Aunque tu teléfono funcione a la perfección y la pantalla no tenga ni un rasguño, existe una amenaza invisible que pone en jaque tu información personal. Muchos usuarios mantienen sus dispositivos durante años sin saber que, al dejar de recibir actualizaciones de seguridad, el equipo se convierte en una puerta abierta para ciberdelincuentes.
El problema central no es el desgaste físico, sino el fin del soporte técnico del fabricante. La clave para detectar si estás en riesgo es sencilla: ingresá a la sección de "Ajustes" y verificá la fecha del último parche de seguridad. Si esa actualización tiene más de seis meses, tu equipo ya está perdiendo terreno frente a virus y malware. En caso de que haya pasado más de un año, los expertos recomiendan evitar realizar operaciones bancarias o almacenar datos sensibles en ese dispositivo.
¿Por qué es tan peligroso?
Cuando el fabricante deja de enviar parches, las vulnerabilidades detectadas en el sistema quedan expuestas permanentemente. Esto facilita que hackers accedan a tus contraseñas y aplicaciones financieras. Ante esta realidad, la Unión Europea ya puso manos a la obra y, a partir de junio de 2025, exigirá que las marcas garanticen al menos cinco años de soporte para sus modelos.

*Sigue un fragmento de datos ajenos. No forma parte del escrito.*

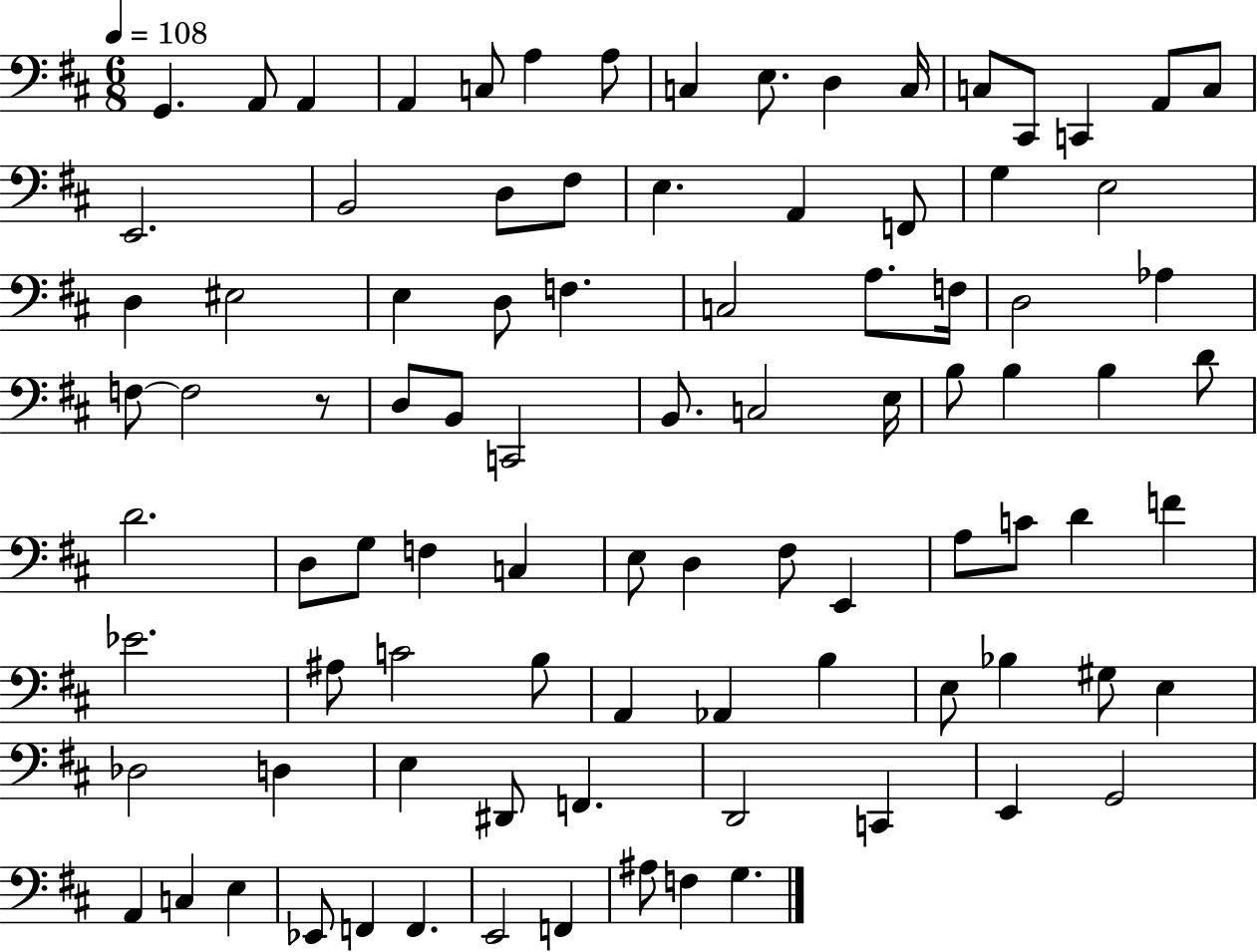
{
  \clef bass
  \numericTimeSignature
  \time 6/8
  \key d \major
  \tempo 4 = 108
  g,4. a,8 a,4 | a,4 c8 a4 a8 | c4 e8. d4 c16 | c8 cis,8 c,4 a,8 c8 | \break e,2. | b,2 d8 fis8 | e4. a,4 f,8 | g4 e2 | \break d4 eis2 | e4 d8 f4. | c2 a8. f16 | d2 aes4 | \break f8~~ f2 r8 | d8 b,8 c,2 | b,8. c2 e16 | b8 b4 b4 d'8 | \break d'2. | d8 g8 f4 c4 | e8 d4 fis8 e,4 | a8 c'8 d'4 f'4 | \break ees'2. | ais8 c'2 b8 | a,4 aes,4 b4 | e8 bes4 gis8 e4 | \break des2 d4 | e4 dis,8 f,4. | d,2 c,4 | e,4 g,2 | \break a,4 c4 e4 | ees,8 f,4 f,4. | e,2 f,4 | ais8 f4 g4. | \break \bar "|."
}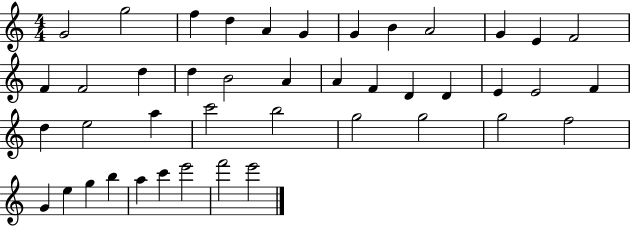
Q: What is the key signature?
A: C major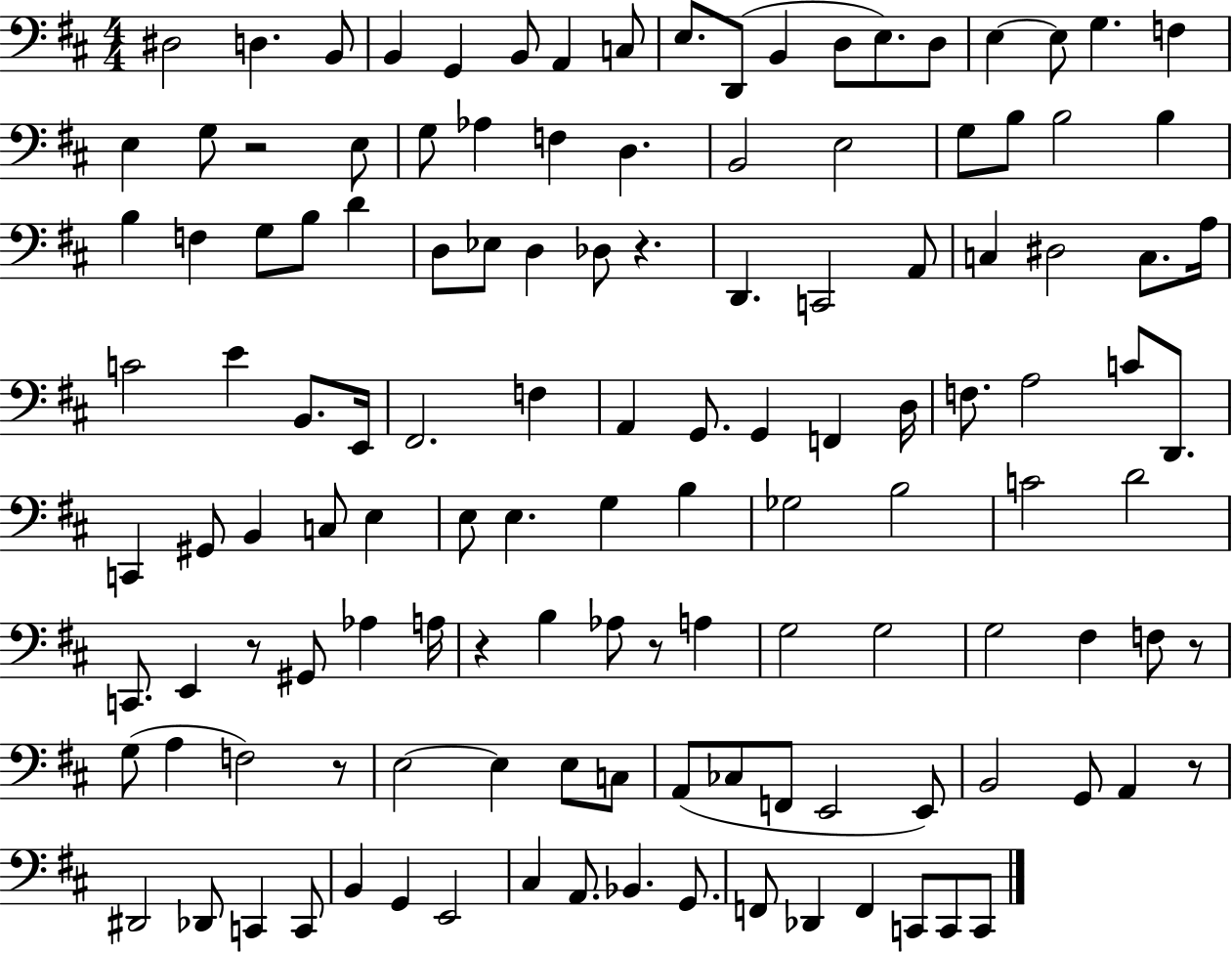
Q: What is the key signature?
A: D major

Finalmente, no olvides prestar atención al hardware: una batería que se sobrecalienta, que se hincha o que apaga el equipo inesperadamente tras tres años de uso, es una señal de alerta física que no debe ignorarse. Si tu celular ya no se actualiza y presenta fallas de energía, es hora de considerar un reemplazo para proteger tu seguridad digital.